The Long Good Bye
September 16, 2009 1:05 PM   Subscribe

Foreign Policy has an interesting double in the latest issue: Oil's very future is being seriously questioned, debated, and challenged. Just as we need more oil than ever, it is changing faster than we can keep up with. An article by the often controversal Pulitzer prize winner Daniel Yergan.
This article is complimented by: Subpriming the Pump; Oil wealth used to hurt only those who had it. Now, it's hurting everyone. By Mahmoud El-Gamal and Amy Myers Jaffe both of Rice University.
posted by adamvasco (9 comments total) 7 users marked this as a favorite
In 2007 and 2008, the belief system built around peak oil helped drive prices to $147.27.

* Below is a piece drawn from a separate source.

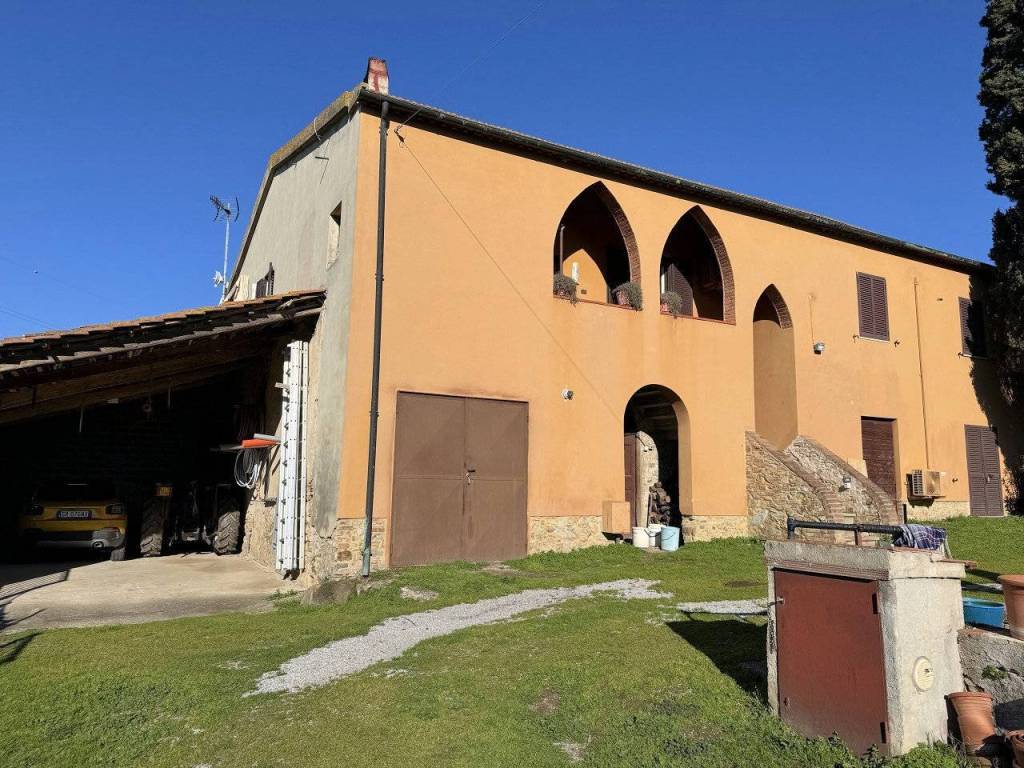 Rustico / casale a Suvereto - Foto 2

Yergin, you're less trident than you used to be, but you're still a dick.
posted by adamdschneider at 1:16 PM on September 16, 2009

Anyone in L.A. or near should also check this upcoming evant at the Skirball on Oct. 7th.

"The Curse of Oil"

It will be archived after Oct. 7th... In fact, Zocalo (organization hosting the event above) has archives are full of good stuff.
posted by IndpMed at 1:20 PM on September 16, 2009

"...belief system built around [a fact, immutable and unavoidable]..."
posted by sonic meat machine at 2:09 PM on September 16, 2009

I wonder if Yergin would actually deny that maybe the volitility had something to do with oil getting, at least temporarily even if you insist on denying 'peak oil', to the steep part of the supply curve. Easier to not mention it I guess, and point vaguely at the usual financial market suspects.
posted by sfenders at 2:31 PM on September 16, 2009

Peak Oil is real and will obviously happen, but I suspect the predictions are early and Yergin may be right that it's further out than many pundits believe.

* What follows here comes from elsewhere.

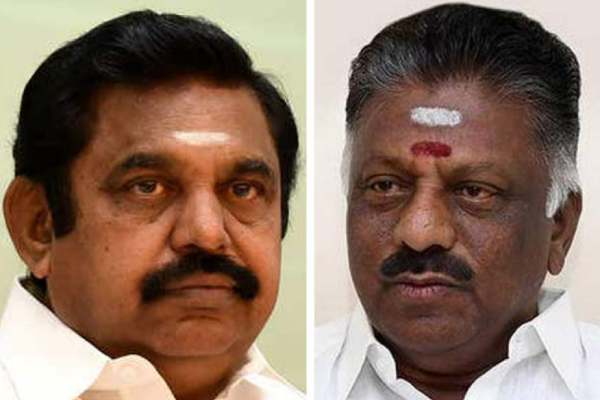 ஓ.பன்னீர்செல்வம் பதிலடி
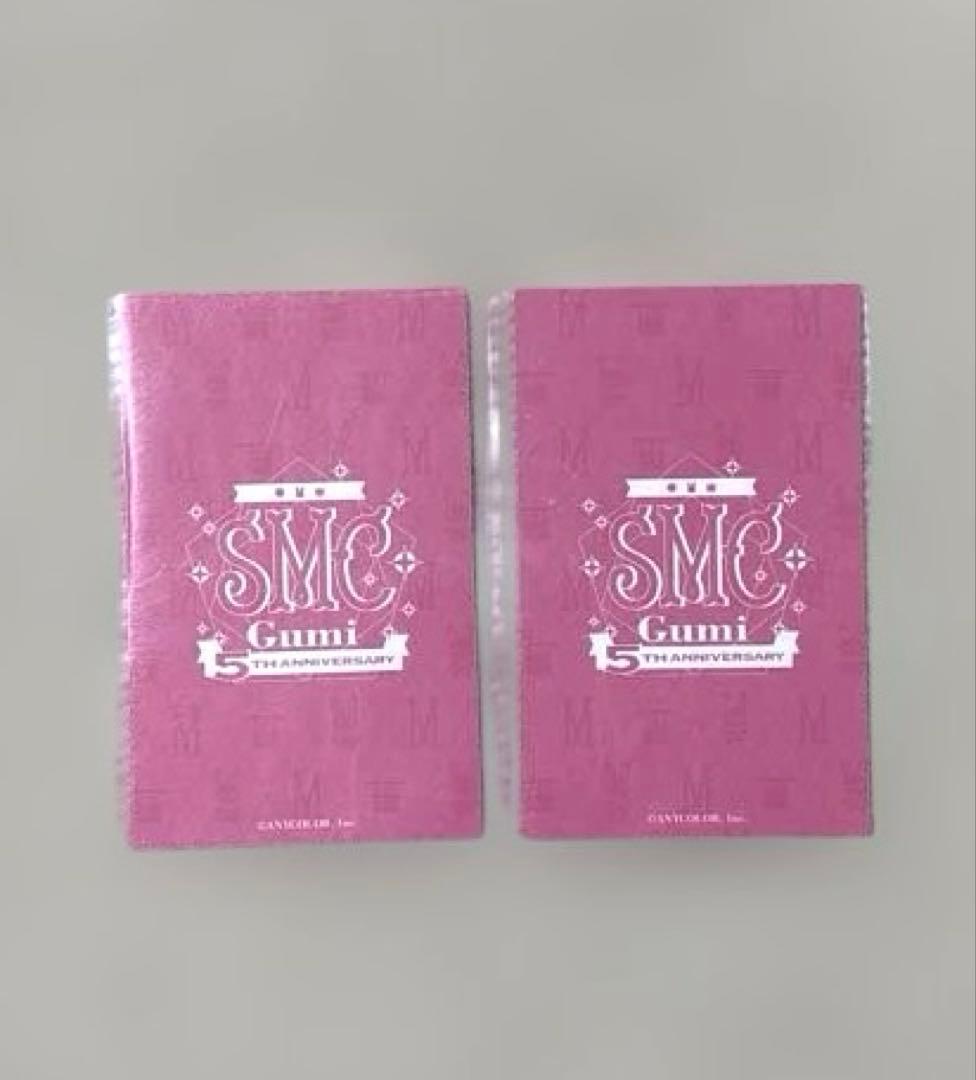 にじさんじ SMC組 5周年 チェキ 夜見れな - メルカリ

Follow the money: the Saudi's have a bigger vested interest in PO than anyone on the planet. They have access to secret data no one else does about the biggest oil deposits on the planet. If they thought PO was imminent, would their current behavior make any sense? Instead of business as usual, they would be cranking back the supply to raise prices to milk it for what they have left knowing peak was around the corner, the world economy be damned, knowing it is damned anyway. Plus one doesn't spend money like a drunken sheik when one knows hard times are ahead. The Saudi's have not changed in their behavior or trajectory which is a sign that they don't see any reason to change strongly suggesting they think the situation is working as it is further suggesting they don't see PO as an imminent threat.
posted by stbalbach at 3:01 PM on September 16, 2009

I agree with this: Saudi's have a bigger vested interest in PO than anyone on the planet.

but am skeptical about one doesn't spend money like a drunken sheik when one knows hard times are ahead
posted by cell divide at 3:18 PM on September 16, 2009 [1 favorite]

Those Saudi Arabia guys who control so much oil have always (by all appearances in recent times at least) been worried about the price getting too high, and thereby encouraging the world to switch to some other crazy thing like electric cars, or else crashing the world economy, again reducing the amount of oil it needs. Maybe due to their experience of the 1980's, I imagine. Not sure which they were more worried about, but plenty of evidence around that they were not entirely unjustified in being concerned. They like the price high, but not *too* high --- as it would have been very quickly if they'd somehow made the decision to cut back on production a couple years ago. Instead I rather suspect they were working hard to increase production, which they finally accomplished just in time for the financial crisis.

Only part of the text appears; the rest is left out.